Das Gehalt liegt typischerweise bei 3.728 € brutto im Monat, je nach Erfahrung und Region zwischen 3.065 € und 4.737 €. Mit wachsender Verantwortung, etwa in der Zollabwicklung oder im internationalen Key-Account-Management, kann dein Einkommen weiter steigen.
Wie lange dauert die Ausbildung als Außenhandelsassistent/in?
Die doppelt qualifizierende Ausbildung dauert 2 Jahre. Während dieser Zeit absolvierst du einen anerkannten kaufmännischen Ausbildungsberuf und erwirbst zusätzlich das Zertifikat als Außenhandelsassistent/in.
Welche Schulfächer sind wichtig für Außenhandelsassistent/innen?
Wirtschaft/Recht, Mathematik, Deutsch sowie Englisch und weitere Fremdsprachen sind besonders relevant. Gute Kenntnisse darin helfen dir bei Kalkulationen, Vertragsprüfungen und der Kommunikation mit internationalen Geschäftspartnern.
Wie sind die Berufsaussichten als Außenhandelsassistent/in?
Die Berufsaussichten als Außenhandelsassistent/in sind eher schwierig. Die Beschäftigung in diesem Berufsfeld schrumpft bis 2040. Der Fachkräftemangel ist gering – offene Stellen sind meist schnell besetzt. Zudem steigt die Konkurrenz unter Bewerbern bis 2040, da Arbeitgeber schneller geeignete Kräfte finden. Positiv wirkt, dass viele Altersabgänge erwartet werden und dadurch neue Stellen frei werden.
Welche digitalen Skills braucht man als Außenhandelsassistent/in?
Außenhandelsassistent/innen arbeiten zunehmend digital. Du solltest Algorithmic-Decision-Making-Tools für Bonitätsprüfungen nutzen, Korrespondenz in Dokumentenmanagementsystemen verwalten, E-Invoices erstellen, maschinelle Übersetzungen einsetzen, Verträge mit Vertragsgeneratoren aufsetzen und Produkte auf virtuellen Messen präsentieren können.
Wie sind die Arbeitsbedingungen als Außenhandelsassistent/in?

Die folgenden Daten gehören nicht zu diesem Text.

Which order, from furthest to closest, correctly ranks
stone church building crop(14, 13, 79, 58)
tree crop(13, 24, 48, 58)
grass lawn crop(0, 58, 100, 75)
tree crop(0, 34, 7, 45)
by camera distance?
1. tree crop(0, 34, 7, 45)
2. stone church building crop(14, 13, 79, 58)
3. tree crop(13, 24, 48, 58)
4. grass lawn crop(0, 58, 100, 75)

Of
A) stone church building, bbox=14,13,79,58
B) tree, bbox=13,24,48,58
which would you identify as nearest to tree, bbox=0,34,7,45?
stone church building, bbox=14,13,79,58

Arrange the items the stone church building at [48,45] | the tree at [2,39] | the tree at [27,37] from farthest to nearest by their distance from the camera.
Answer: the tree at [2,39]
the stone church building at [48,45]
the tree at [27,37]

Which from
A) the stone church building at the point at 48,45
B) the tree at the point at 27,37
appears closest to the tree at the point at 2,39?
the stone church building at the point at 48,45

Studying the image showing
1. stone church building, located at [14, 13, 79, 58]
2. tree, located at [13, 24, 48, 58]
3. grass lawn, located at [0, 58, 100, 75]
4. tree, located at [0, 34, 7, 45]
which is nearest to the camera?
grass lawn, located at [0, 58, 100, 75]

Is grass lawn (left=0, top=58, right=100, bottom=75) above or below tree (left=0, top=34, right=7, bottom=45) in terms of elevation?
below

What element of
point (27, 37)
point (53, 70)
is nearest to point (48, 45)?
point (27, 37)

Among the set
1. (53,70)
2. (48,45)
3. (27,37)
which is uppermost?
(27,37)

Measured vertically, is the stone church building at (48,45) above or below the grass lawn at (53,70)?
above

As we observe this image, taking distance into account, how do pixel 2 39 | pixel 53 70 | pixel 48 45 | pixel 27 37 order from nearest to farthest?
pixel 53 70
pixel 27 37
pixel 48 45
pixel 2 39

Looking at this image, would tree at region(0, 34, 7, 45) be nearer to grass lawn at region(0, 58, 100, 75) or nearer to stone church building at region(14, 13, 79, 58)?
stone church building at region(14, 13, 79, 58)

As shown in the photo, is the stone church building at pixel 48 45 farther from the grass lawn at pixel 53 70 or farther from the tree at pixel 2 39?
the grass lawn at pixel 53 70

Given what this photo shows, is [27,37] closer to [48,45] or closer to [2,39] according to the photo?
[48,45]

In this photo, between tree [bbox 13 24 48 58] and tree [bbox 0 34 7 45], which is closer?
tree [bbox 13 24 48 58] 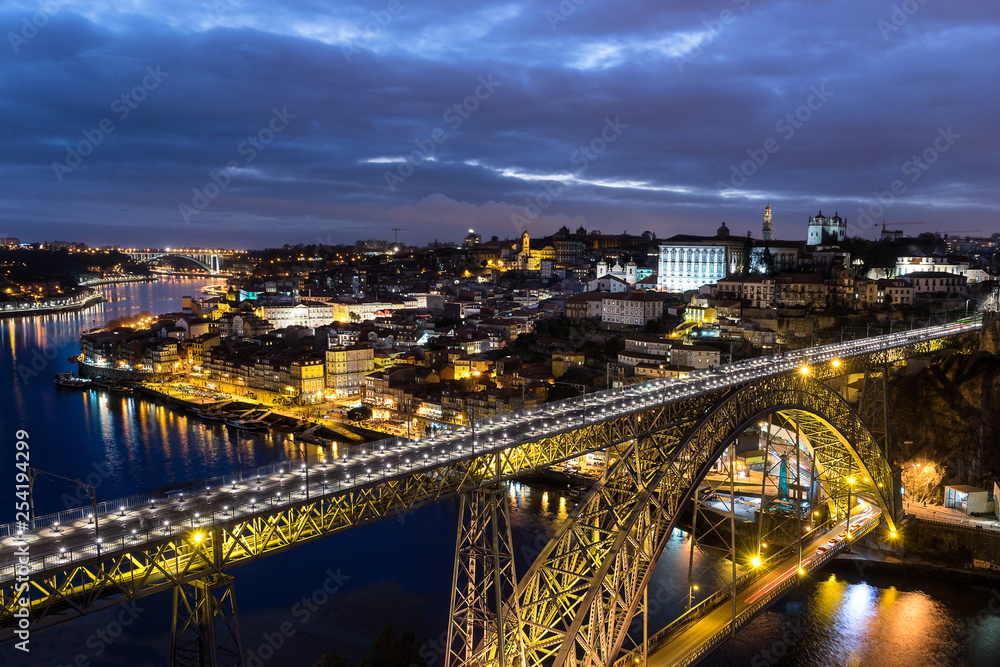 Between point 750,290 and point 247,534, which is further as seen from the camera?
point 750,290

Die Tätigkeit findet überwiegend am Bildschirm in Büroräumen statt, oft mit raschem Wechsel zwischen Telefon, E-Mail und Meetings. Unregelmäßige Arbeitszeiten, Geschäftsreisen ins In- und Ausland und die Einhaltung zahlreicher rechtlicher Vorgaben prägen den Alltag. Du solltest dich daher auf längere Tage, gelegentliche Abwesenheit vom Wohnort und viel Kundenkontakt einstellen.
Kann man sich als Außenhandelsassistent/in selbständig machen?
Ja, eine Selbstständigkeit ist möglich, zum Beispiel mit einem eigenen Export-Import-Unternehmen oder als Handelsvertreter/in. Auch Franchise-Modelle im Außenhandel bieten Chancen, dein eigenes Geschäft aufzubauen.
Welche Weiterbildungsmöglichkeiten gibt es als Außenhandelsassistent/in?
Du kannst dich unter anderem in Außenhandel, Export-/Import- und Zollabwicklung, Auslandsvertrieb oder Customer Relationship Management spezialisieren. Solche Kurse vertiefen dein Fachwissen und erhöhen deine Chancen auf verantwortungsvollere Positionen.